Vitraux remarquables en Argonne2021-09-22T18:56:23+02:00

Vitraux remarquables en Argonne

Un circuit – Cinq thématiques

Nous avons établi un code couleur qui vous permettra de reconnaitre tout au long de notre circuits, les grandes époques concernées :

Moyen-âge et Renaissance

Les églises et chapelles d’Argonne ont subi au cours des siècles les passages des invasions, les conflits armés dont les deux dernières guerres mondiales, les exactions et pillages de bandes armées, la Révolution Française…et l’usure du temps.  Les bâtiments ont souffert et le mobilier plus encore. Il subsiste peu de vitraux datant de ces périodes. Ils n’en sont que plus précieux.
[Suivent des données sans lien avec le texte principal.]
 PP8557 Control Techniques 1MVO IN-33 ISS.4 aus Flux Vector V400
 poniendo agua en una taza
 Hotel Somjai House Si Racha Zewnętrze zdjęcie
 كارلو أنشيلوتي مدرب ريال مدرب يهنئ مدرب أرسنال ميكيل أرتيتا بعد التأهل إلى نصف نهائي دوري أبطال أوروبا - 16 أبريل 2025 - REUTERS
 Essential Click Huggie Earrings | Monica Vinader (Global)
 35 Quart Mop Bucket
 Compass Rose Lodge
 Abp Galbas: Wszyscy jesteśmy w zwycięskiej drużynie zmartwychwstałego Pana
Nous nous sommes interrogés sur la provenance du verre de ces vitraux, particulièrement ceux de l’église abbatiale de Lachalade dont les abbés possédaient des verreries à proximité. Des études et analyses sont en cours pour tenter de savoir si les verreries forestières ont produit le verre utilisé pour les verrières de l’abbaye.

Les sites

Belval-en-Argonne (51)   – Habituellement fermée, hormis Journées du Patrimoine si elle figure dans la carte des sites Circuit Vitrail de l’année

Lachalade (55) – église abbatiale ouverte tous les jours

Vitraux commémoratifs

Nous avons recensé, sur le territoire du Pays d’Argonne, 32 églises ou chapelles abritant ou ayant abrité des vitraux commémoratifs de la Guerre 14-18.
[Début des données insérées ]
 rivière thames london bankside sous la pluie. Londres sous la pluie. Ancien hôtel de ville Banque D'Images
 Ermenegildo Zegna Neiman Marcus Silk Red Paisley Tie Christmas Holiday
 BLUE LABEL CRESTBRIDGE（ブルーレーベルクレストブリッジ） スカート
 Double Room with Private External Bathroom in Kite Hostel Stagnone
Les « frontières » de ce pays ne sont pas toujours évidentes : fallait-il s’arrêter à celles imposées par la géographie physique (massif de gaize, la roche locale et ses marges d’argile et de sables, vallées…) ? Ou admettre l’inclusion de communes qui sont administrativement dans des regroupements de collectivités nommés « d’Argonne » ? Ou encore qui se revendiquent d’une appartenance à cette entité ? Nous avons peut-être fait des oublis ou peut-être intégré certaines communes abusivement aux yeux de certains. Les vitraux repérés sont eux bien réels et méritent le détour.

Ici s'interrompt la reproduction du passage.